また、研究開発者としての就業体験に関するインターンシップを実施する企業の割合は、大学学部等、大学院修士課程、博士課程のうち、大学学部等の 32.3%が最多でした。
●「ひこにゃん」の商標使用を10月から無償化(滋賀県彦根市)
滋賀県彦根市は、人気キャラクター「ひこにゃん」の商標使用を本年10月1日から無償化すると発表しました。
▷詳細はこちら(別サイトが開きます)
(商標登録第5104692号)
彦根市は「ひこにゃん」について、これまでイラストや写真を商品などに使用する場合、販売業者から使用許諾料として売り上げ見込み額の3%を徴収していましたが、さらなる商標使用の拡大と新規商品の発掘を図るため、商標使用料の無償化を図る実証実験を行いました。
その結果、有償を継続した場合と比較して、新規契約件数が326件(1.41倍)、販売予定総額が4億1741万円(1.52倍)増加したとの報告が得られ、彦根市および「ひこにゃん」のブランディングの観点からも、商標使用を無償化した方が新たな商品開発の拡大や、地域経済への波及効果が期待できると判断しました。
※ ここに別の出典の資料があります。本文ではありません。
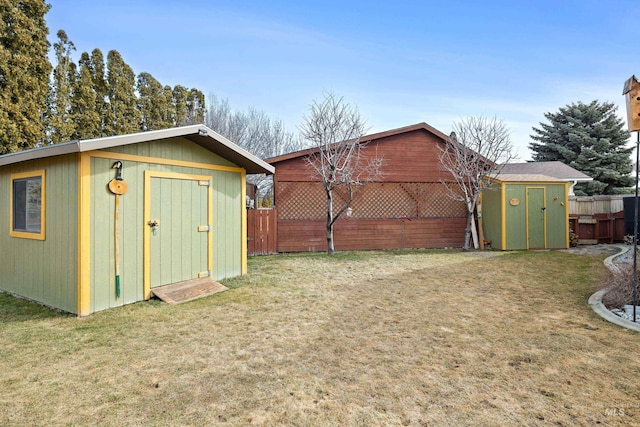 view of shed featuring a fenced backyard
使用できるデザインは全部で45種類で、無償化の場合も使用には手続きが必要となります。
●「令和6年度著作権テキスト」を公開(文化庁)
文化庁は「令和6年度著作権テキスト」を公開しました。
▷詳細はこちら(別サイトが開きます)
同テキストは、著作権の基本的な情報のほか、著作物を創作した場合の注意点、他人の著作物を利用したい場合、相談窓口一覧など、著作権に関する情報が網羅的に掲載されています。
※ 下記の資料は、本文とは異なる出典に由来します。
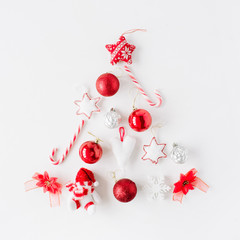 creative arrangement of bright red christmas tree made of christmas ball, sweets, toys on white background. flat lay, top view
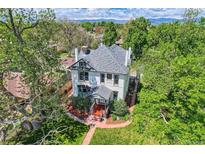Stunning aerial view of a stately home with mature trees and meticulously landscaped grounds at 5127 Lowell Blvd, Denver, CO 80221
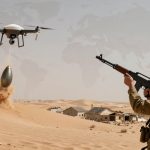 A soldier in camouflage and helmet aims a rifle at a flying drone dropping a bomb in a desert. Dust rises around the impact area, with scattered buildings in the background.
また、近年の著作権法改正についても、わかりやすく解説しています。
<令和5年改正>
・著作物等の利用に関する新たな裁定制度の創設(未管理著作物裁定制度)
・行政手続等に係る権利制限規定の整備
・損害賠償額算定方法の見直し
<令和4年改正>
・裁判手続に係る権利制限規定の整備
<令和3年改正>
・図書館関係の権利制限規定の見直し
・放送番組のインターネット同時配信等に係る権利処理の円滑化
<編集後記>
連日の猛暑の折、くれぐれもご自愛のほどお祈り申し上げます。